(Extracted material)

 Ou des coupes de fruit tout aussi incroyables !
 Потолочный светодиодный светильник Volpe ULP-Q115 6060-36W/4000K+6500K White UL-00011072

(End Extracted material)
(Extracted material)

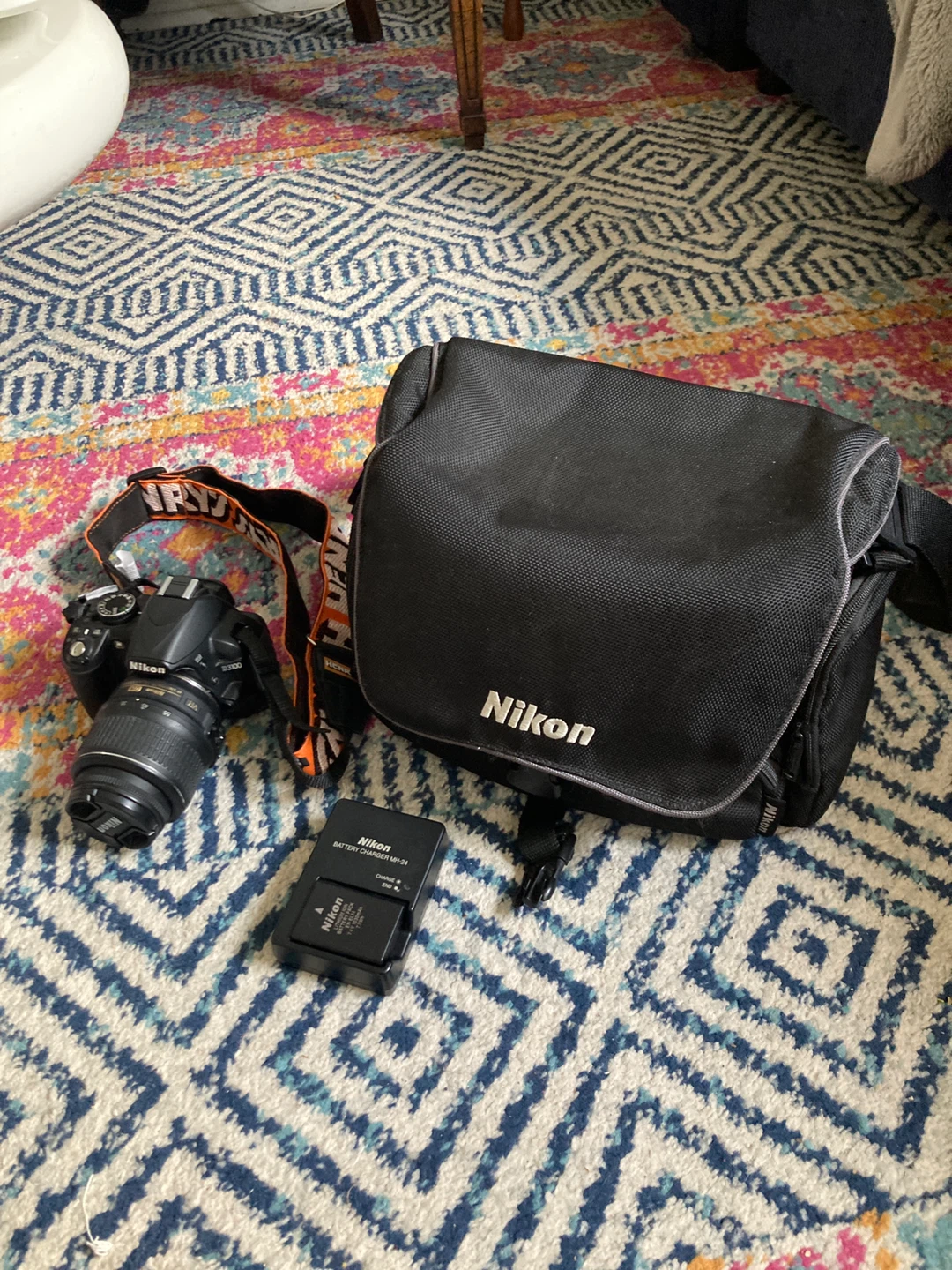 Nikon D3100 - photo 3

(End Extracted material)
(Extracted material)

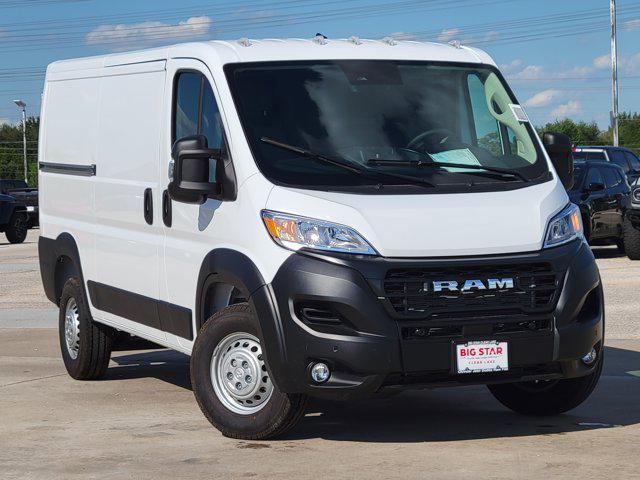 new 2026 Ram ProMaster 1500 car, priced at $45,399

(End Extracted material)

The task:
Please give back exactly the lines of the listing above that run from the one containing "Ou des coupes" through the one containing "Потолочный светодиодный светильник", and only those.

Answer to this exercise:
 Ou des coupes de fruit tout aussi incroyables !
 Потолочный светодиодный светильник Volpe ULP-Q115 6060-36W/4000K+6500K White UL-00011072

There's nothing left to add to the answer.